What is Next for the Indian Textile Industry?


The growing trade deficit in developed nations such as the United States and United Kingdom has alarmed these governments and others in the developed world. For example, according to the United Kingdoms Office for National Statistics, imports from China into the UK have grown from 5 billion pounds in 2001 to about 25 billion pounds in 2009. Whereas, the exports have not grown that much; in 2009, the exports amounted to about 5 billion pounds only. United States and others have taken the liberty to advise China and other developing nations such as Brazil, India and Russia to balance their trade by growing their domestic markets. This topic was at the center stage in the recent G-20 summit in Seoul, South Korea. Apart from these G-20 deliberations, due to population growth in emerging markets, particularly in East and South Asian countries, there will be boost in domestic consumption. There will be an increase in the consumption of food and commodity items such as textiles. However, the market size in developed nations will shrink due to increased savings, slowing of economy and slow down in the growth of population. The textile industry in India has to adapt to these changing landscapes. Therefore, it should diversify to meet the challenges of the 21st century markets.

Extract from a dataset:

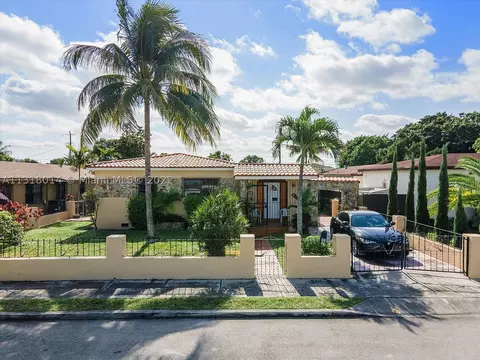 534 E 30th St, Hialeah, FL 33013 photo 1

Technical Textiles: Is it a Panacea?


With the changing economic and social landscapes, the Indian textile industry should grow and diversify. The technical textiles sector should grow, which can cater to both domestic and export markets. This sector has created enormous buzz in the past five years. Although this sector has received great attention from all stakeholders, good number of projects has not evolved. I have articulated two main reasons for the lack of growth: 1) lack of practical knowledge/experience and 2) lack of market know-how. It looks like Government of India has taken note of these and is unveiling a Technological Mission on Technical Textiles (TMTT) soon with an investment of rupees 200 crores. In fact, I was privileged enough to learn about it early on and broke the news about it in October this year. TMTT is a step in the right direction. All stakeholders should join hands in making this mission productive, useful and successful.

This Article was distributed at the Technology Mission on Technical textiles (TMTT) 2010-11 to 2014-15 launches in MoT-FICC meeting on 20 Jan2011 in New Delhi, India.